Verze z 14. 11. 2024, 16:10, kterou vytvořil Frisklevine0538 (diskuse | příspěvky) (Založena nová stránka s textem „The Woven EndoBridge (WEB) is a device for the treatment of intracranial wide-necked bifurcation aneurysms. The safety and effectiveness of WEB for intracr…“)
(rozdíl) ← Starší verze | zobrazit aktuální verzi (rozdíl) | Novější verze → (rozdíl)

The Woven EndoBridge (WEB) is a device for the treatment of intracranial wide-necked bifurcation aneurysms. The safety and effectiveness of WEB for intracranial aneurysms have both been evaluated in previous trials. Our aim was to study the outcomes of recurrent intracranial aneurysms (IAs) treated with WEB.

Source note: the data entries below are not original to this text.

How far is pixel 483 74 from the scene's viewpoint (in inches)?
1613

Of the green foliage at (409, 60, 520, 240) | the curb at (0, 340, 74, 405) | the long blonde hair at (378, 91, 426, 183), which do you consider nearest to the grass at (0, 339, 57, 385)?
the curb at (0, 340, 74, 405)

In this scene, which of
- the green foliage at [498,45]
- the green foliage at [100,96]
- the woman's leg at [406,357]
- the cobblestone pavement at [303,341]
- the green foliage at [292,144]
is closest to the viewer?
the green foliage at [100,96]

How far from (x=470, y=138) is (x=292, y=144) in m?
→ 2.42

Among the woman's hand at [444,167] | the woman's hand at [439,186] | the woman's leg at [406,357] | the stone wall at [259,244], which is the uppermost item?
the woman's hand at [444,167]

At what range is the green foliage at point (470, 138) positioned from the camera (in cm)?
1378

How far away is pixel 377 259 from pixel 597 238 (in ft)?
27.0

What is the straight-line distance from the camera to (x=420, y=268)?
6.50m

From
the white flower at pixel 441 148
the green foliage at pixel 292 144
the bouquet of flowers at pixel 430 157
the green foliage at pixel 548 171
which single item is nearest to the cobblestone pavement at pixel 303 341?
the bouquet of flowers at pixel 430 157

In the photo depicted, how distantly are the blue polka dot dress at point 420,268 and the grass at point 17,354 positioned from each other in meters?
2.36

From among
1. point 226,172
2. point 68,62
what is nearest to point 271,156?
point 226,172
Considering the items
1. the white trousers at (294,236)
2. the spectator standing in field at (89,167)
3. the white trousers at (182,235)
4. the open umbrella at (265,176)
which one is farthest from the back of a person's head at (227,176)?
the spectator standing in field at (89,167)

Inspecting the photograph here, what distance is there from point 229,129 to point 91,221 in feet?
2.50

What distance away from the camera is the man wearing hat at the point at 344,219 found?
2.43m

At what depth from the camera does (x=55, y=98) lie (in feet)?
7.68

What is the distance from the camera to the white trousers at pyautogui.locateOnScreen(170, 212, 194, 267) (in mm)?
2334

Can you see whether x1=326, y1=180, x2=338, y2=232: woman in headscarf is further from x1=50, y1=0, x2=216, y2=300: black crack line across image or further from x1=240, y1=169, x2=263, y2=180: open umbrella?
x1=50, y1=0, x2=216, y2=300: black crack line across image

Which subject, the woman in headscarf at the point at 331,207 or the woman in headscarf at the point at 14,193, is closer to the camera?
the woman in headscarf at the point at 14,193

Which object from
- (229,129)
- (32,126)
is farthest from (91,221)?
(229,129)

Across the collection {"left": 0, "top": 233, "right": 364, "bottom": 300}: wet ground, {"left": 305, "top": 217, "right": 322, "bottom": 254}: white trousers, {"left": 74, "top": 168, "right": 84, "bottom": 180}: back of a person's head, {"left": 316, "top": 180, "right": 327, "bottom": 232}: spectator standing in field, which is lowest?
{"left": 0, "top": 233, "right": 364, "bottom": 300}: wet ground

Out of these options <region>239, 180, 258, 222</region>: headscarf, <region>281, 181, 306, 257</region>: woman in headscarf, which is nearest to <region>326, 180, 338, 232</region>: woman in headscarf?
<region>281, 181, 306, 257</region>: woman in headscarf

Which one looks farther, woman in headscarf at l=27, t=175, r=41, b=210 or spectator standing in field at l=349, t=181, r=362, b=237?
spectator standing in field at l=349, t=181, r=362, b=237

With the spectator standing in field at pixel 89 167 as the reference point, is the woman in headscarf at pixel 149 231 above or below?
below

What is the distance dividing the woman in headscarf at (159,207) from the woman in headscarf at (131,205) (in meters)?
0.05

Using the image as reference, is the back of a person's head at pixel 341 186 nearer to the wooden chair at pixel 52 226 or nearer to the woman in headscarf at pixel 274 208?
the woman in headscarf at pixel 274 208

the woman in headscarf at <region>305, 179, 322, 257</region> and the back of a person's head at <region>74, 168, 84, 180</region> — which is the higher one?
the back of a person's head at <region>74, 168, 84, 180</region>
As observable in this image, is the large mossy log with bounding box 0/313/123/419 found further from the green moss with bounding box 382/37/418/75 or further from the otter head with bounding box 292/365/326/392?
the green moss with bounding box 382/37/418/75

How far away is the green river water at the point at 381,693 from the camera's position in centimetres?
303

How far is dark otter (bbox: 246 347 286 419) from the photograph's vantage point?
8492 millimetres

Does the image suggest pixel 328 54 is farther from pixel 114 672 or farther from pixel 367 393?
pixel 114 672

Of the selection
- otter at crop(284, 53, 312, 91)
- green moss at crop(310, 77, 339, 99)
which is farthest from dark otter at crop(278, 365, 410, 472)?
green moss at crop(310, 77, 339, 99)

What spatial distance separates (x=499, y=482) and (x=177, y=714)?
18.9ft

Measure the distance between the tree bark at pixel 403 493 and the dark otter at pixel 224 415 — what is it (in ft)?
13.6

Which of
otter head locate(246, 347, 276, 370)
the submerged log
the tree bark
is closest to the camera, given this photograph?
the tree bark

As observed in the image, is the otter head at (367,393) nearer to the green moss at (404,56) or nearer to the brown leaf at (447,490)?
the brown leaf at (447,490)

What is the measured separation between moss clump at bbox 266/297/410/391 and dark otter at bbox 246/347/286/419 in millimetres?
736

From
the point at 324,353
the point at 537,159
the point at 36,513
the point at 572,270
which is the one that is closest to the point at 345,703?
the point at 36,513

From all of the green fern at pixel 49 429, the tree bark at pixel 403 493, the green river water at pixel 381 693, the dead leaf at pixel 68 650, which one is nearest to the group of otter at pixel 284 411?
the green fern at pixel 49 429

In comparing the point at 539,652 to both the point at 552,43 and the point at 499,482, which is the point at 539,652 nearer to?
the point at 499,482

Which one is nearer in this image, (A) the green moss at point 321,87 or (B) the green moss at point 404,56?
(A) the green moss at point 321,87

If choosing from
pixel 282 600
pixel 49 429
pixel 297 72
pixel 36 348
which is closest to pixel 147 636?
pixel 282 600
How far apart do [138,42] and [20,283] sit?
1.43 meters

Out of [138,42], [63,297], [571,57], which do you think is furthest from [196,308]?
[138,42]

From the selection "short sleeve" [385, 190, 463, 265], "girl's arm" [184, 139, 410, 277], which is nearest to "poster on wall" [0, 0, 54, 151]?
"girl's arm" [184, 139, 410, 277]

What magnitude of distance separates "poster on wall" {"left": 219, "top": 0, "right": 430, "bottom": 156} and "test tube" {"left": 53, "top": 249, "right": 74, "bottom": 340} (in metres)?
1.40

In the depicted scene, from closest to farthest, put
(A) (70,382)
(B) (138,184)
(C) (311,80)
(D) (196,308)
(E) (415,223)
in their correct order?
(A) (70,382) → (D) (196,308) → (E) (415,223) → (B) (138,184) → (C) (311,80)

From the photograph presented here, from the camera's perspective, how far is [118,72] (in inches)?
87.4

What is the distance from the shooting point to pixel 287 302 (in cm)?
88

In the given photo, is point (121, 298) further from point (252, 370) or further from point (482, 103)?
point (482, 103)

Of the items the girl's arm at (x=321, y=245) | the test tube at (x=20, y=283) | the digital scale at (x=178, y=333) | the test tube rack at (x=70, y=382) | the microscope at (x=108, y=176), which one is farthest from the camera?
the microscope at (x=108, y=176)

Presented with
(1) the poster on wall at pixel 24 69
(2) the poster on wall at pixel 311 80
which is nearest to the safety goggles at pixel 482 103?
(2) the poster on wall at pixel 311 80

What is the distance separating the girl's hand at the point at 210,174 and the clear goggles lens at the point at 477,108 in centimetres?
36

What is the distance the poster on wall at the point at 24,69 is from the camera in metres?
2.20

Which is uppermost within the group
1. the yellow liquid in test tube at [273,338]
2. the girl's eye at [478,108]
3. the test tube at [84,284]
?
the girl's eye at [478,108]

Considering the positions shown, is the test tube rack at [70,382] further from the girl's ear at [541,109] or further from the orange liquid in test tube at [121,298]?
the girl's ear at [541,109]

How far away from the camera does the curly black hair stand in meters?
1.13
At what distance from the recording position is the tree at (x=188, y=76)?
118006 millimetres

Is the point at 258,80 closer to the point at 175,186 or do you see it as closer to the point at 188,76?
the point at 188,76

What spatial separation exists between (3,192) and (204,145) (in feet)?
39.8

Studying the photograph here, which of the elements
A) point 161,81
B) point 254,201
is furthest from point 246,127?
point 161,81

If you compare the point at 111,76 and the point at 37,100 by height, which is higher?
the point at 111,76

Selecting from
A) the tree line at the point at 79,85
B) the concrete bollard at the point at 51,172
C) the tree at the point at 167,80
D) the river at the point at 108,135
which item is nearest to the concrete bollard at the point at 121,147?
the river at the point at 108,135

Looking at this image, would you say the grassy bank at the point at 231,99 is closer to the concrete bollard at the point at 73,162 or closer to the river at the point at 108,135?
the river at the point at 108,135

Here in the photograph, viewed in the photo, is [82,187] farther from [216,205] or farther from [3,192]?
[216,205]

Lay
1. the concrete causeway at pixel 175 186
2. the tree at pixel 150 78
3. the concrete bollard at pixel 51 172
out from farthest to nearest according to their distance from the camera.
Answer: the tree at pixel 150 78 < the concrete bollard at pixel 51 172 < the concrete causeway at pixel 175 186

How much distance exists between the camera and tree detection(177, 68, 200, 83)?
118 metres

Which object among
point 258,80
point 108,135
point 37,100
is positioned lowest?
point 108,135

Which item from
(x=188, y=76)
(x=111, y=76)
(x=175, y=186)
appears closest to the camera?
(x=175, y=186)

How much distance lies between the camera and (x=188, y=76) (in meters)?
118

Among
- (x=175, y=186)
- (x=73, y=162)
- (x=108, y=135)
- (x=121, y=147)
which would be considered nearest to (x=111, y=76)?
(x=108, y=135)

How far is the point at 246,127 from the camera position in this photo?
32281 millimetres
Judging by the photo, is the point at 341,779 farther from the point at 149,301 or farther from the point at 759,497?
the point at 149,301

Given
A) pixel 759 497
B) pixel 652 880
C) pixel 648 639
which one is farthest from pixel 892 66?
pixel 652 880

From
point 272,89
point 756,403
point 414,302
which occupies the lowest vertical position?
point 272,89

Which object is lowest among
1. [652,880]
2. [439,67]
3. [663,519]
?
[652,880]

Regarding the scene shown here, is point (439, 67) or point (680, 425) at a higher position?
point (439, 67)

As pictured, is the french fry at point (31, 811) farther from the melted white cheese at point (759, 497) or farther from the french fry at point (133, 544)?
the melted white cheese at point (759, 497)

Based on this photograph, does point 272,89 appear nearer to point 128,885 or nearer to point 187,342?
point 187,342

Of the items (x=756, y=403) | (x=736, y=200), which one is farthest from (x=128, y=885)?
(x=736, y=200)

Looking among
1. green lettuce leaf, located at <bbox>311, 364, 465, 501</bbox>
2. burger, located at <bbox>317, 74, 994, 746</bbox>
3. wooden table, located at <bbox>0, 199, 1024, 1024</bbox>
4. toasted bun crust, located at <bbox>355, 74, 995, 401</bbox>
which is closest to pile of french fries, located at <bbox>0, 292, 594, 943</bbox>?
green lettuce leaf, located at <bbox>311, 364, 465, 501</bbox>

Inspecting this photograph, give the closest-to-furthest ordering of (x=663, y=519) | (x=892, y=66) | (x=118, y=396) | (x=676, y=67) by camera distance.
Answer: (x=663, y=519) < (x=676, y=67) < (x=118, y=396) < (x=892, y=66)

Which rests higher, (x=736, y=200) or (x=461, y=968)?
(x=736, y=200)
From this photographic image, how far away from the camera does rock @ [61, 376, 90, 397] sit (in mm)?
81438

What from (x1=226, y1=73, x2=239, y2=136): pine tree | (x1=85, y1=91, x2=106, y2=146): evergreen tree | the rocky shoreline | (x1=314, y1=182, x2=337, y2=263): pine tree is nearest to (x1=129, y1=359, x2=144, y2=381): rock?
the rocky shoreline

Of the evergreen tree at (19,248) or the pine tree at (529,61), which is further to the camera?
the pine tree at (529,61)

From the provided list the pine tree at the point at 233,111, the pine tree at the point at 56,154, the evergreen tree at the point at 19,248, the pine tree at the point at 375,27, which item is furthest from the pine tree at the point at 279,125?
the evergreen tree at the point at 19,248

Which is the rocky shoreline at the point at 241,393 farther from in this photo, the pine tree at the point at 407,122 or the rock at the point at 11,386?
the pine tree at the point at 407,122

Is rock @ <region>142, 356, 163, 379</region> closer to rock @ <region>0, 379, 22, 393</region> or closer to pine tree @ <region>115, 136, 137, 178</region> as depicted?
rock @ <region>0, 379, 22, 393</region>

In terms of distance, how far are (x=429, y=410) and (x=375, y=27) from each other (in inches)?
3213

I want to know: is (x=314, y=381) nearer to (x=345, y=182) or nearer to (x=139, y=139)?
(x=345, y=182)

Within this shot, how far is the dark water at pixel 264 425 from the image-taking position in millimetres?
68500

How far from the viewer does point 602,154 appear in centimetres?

Clinical and radiological outcomes of patients with a wide-necked aneurysm recurrence, which was treated with WEB device, were assessed. Imaging follow-up was performed with digital subtraction angiography and/or magnetic resonance angiography. Aneurysm occlusion was determined using by the Raymond-Roy Occlusion Classification (RROC). RROC 1 and RROC 2 were considered as adequate radiological outcome.

Twenty-two patients with 23 recurrent IAs were treated with WEB. Of which, 17 of recurrent IAs (74%) previously treated by coiling, three (13%) by clipping and three (13%) by WEB. The most common location of the recurrent IA was the middle cerebral artery (n = 10, 43%). Endovascular treatment with WEB alone was suitable for 20 recurrent IAs (87%). Ancillary devices were also used coils in two (9%), and a stent in one (4%). Radiological follow-up results available for all patients (range 3-60 months; median 24 months). Adequate occlusion (RROC I and II) was achieved in 20 recurrent IAs (87%). click here A hemorrhagic complication occurred 2 weeks post treatment in one patient (5%).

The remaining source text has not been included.